▶ _EXERCISE DETAILS_:
Word for word, transcribe the data below from the line with "The bedroom in" to the line with "Hallway with hardwood", keeping both of those lines.

▶ _DATASET RECORDS_:

══════════

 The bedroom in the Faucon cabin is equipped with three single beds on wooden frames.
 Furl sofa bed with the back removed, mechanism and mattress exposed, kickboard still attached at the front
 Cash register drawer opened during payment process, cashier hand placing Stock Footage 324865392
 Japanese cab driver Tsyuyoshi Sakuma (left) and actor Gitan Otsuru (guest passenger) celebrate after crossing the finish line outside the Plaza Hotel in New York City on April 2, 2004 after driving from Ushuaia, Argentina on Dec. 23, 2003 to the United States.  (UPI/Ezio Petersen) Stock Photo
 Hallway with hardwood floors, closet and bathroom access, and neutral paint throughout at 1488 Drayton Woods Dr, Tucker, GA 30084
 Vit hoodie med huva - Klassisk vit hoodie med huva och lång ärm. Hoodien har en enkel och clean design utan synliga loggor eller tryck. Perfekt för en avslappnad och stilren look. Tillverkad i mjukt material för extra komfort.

══════════

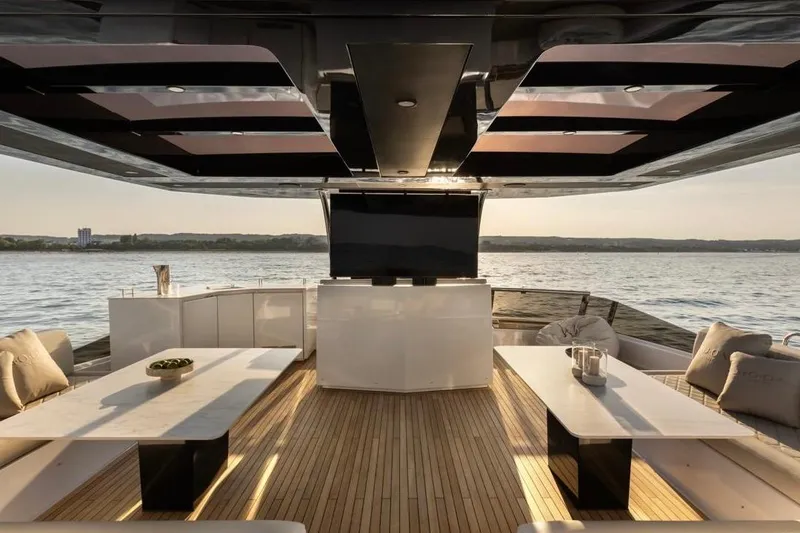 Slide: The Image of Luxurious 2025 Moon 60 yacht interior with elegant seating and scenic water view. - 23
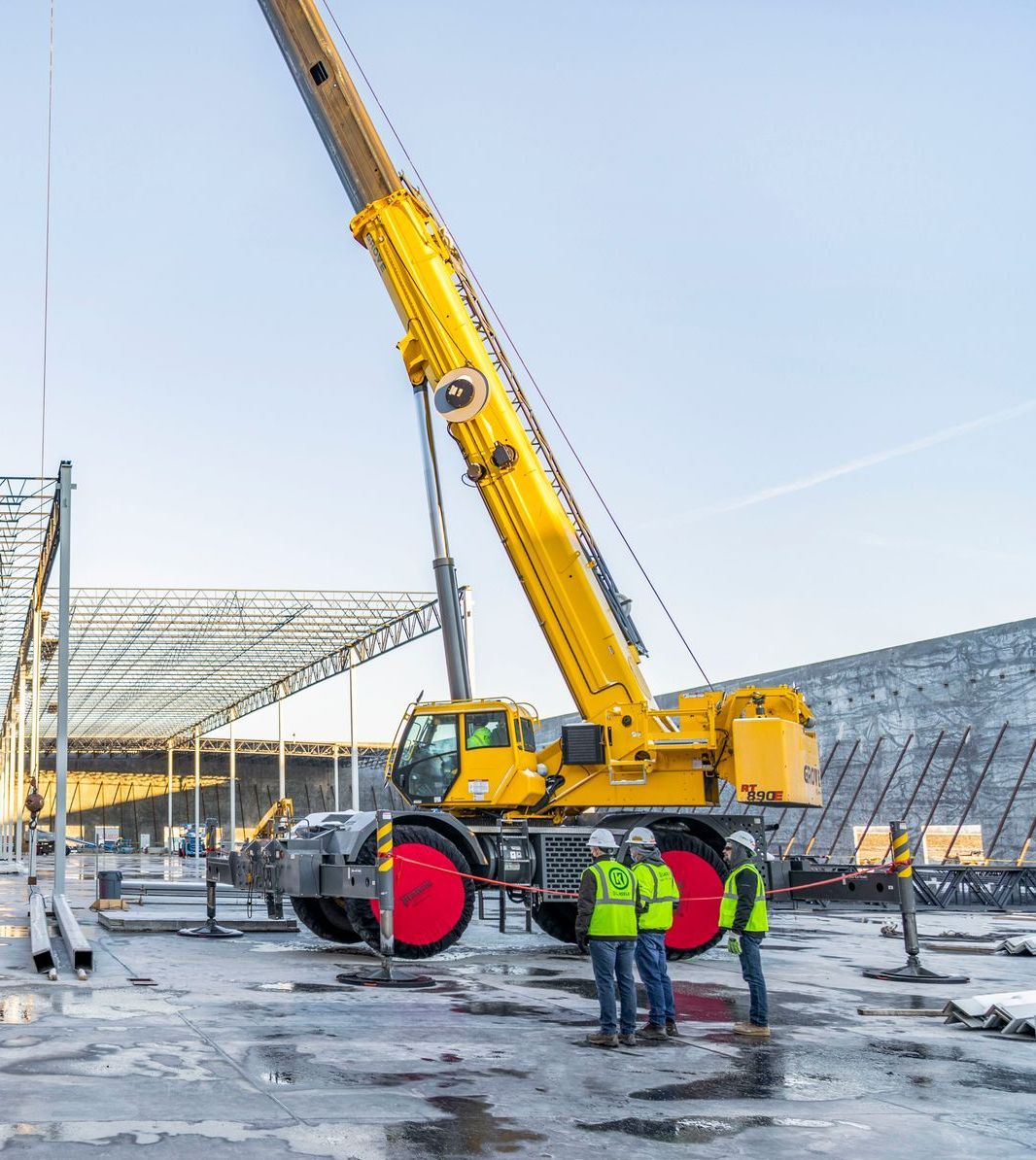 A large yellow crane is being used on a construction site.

══════════

▶ _ANSWER TO THE EXERCISE_:
 The bedroom in the Faucon cabin is equipped with three single beds on wooden frames.
 Furl sofa bed with the back removed, mechanism and mattress exposed, kickboard still attached at the front
 Cash register drawer opened during payment process, cashier hand placing Stock Footage 324865392
 Japanese cab driver Tsyuyoshi Sakuma (left) and actor Gitan Otsuru (guest passenger) celebrate after crossing the finish line outside the Plaza Hotel in New York City on April 2, 2004 after driving from Ushuaia, Argentina on Dec. 23, 2003 to the United States.  (UPI/Ezio Petersen) Stock Photo
 Hallway with hardwood floors, closet and bathroom access, and neutral paint throughout at 1488 Drayton Woods Dr, Tucker, GA 30084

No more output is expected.